243,002- Guiraut de Calanson

Eine Übersetzung der Kanzone gibt auch Jeanroy, Anthologie des Troubadours S. 49.
Wegen der Erläuterung des allegorischen Inhalts ist auf die eingehenden Untersuchungen von Dammann zu verweisen; vgl. hierzu : Archiv 90, 327 (Zenker); Lit. Blatt f. germ. u. rom. Ph. 13, 381 (Schultz).
 
1. celeis. Ich folge mit Appel den Lesarten der Hss.-Gruppen α und ζ (vgl. Stammbaum bei Dammann), die offenbar auf celeis zurückzuführen sind, gegen die isolierte Gruppe γ, die a leis eingeführt hat. Es erscheint celeis durchaus als die ursprüngliche Lesart, während in a leis eine sekundäre Verdeutlichung zu erblicken ist. Dammann und Bartsch-Koschwitz lesen a leis.
 
4. son. Das pleonastische Possessivpronomen der dritten Person erscheint nicht selten statt des zu erwartenden Artikels; vgl. Schultz-Gora, Elem. B. § 179.
 
18. Ich schließe mich der von Zenker, Archiv 90 (1893), S. 328, vorgeschlagenen und von Appel und Bartsch-Koschwitz anerkannten Lesung an. Z. verweist auf die Parallele im Fadet joglar (v. 205–206): „e no ve re, mas fer trop be . . .
 
19. s’en sap aizir. Se aizir = s’arranger (Bartsch-Koschwitz; „sich einrichten” verzeichnet Bartsch, Chrest.², zu dieser Stelle). Appel: se aizir de = sich einer Sache bedienen (mit Verweis auf vorliegende Stelle) gibt keinen Sinn, da man nicht wüßte, worauf en zu beziehen wäre. Ich interpretiere: so gut weiß sie sich einzurichten in bezug auf das Treffen des Zieles (en = darauf). Levy : se préparer, se mettre.
 
20. e vola leu. Die Vorstellung des fliegenden Amor war bekannt. So ändert z. B. der Schreiber der Hs. a wohl unter ihrem Einfluß bei Raimbaut von Orange (Gr. 389, 3) die richtige Lesart v. 16: „Amors rim co·s voilla prim” in „Amors rim can volet prim”. Vgl. Appel, R. v. Orange S. 81.
 
24. e noi lese ich mit Bartsch-Koschwitz nach CDIKR¹R²a² gegen das minder bezeugte mas noi (AEOa¹), das Dammann und Appel anerkennen. E fügt sich m. E. auch besser in den Rahmen der Aufzählung als mas, welches logische Bedenken erregt.
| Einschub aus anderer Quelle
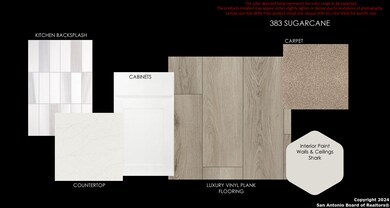 383 Sugarcane, New Braunfels, TX 78132 - photo 3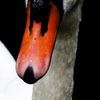 Portrait de cygne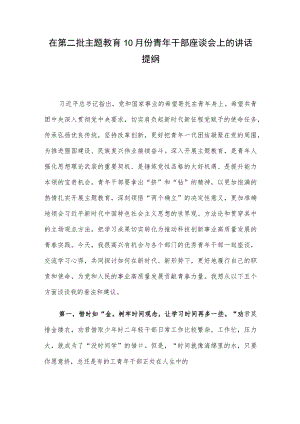 在第二批主题教育10月份青年干部座谈会上的讲话提纲.docx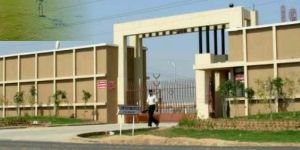 Irrigation Lay-Out Designing Services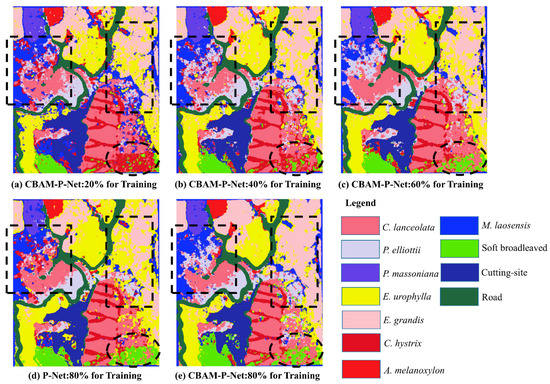 Remote Sensing Special Issue Remote Sensing Of Biodiversity In Tropical Forests 7199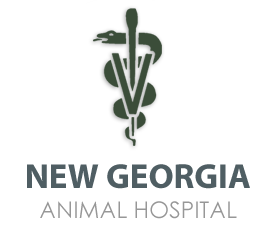 New Georgia Animal Hospital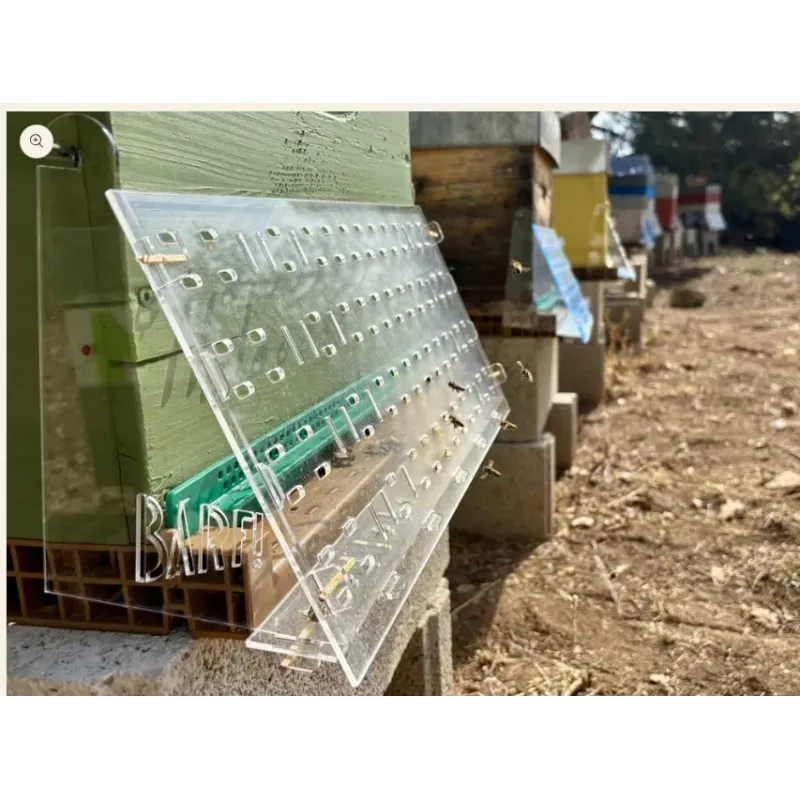 Muselière anti-frelon pour ruche | Protection abeilles efficace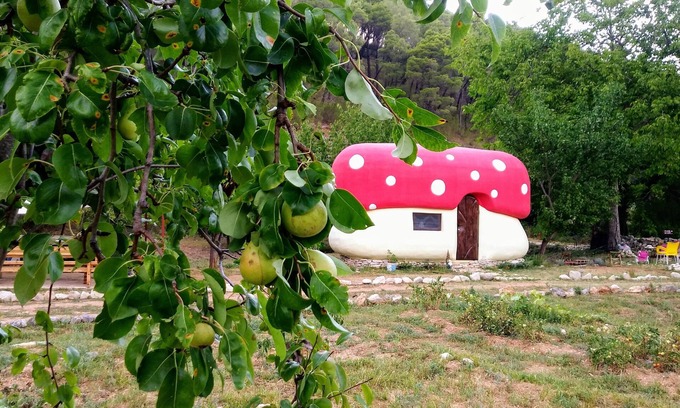 Skradin Apartment | Krka fairytale village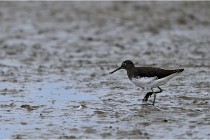 Cugnaux 16-10-11 2848   Photos ACG 2016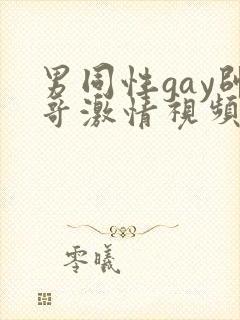 男同性gay帅哥激情视频封面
paratge = noblesse. Über die Bedeutungsentwicklung aus „Verwandtschaft” vgl. P. Meyer, Chanson de la Croisade, Glossar; auch Jeanroy–Salverda de Grave, Uc de Saint-Circ S. 198 (Anm. zu XIX, 54).
 
29. les. Ich übersetze mit Raynouard (Lex. Rom. IV, 44), Dammann und auch wohl Bartsch-Koschwitz (vgl. Chrest., Glossar) „glatt”. Es soll angedeutet werden, daß wegen der Glätte der vier Stufen das Ersteigen derselben gefährlich und schwierig ist. Appel will übersetzen „sanft”; ebenso Jeanroy, Anthologie S. 50: „quatre degrés tres doux”.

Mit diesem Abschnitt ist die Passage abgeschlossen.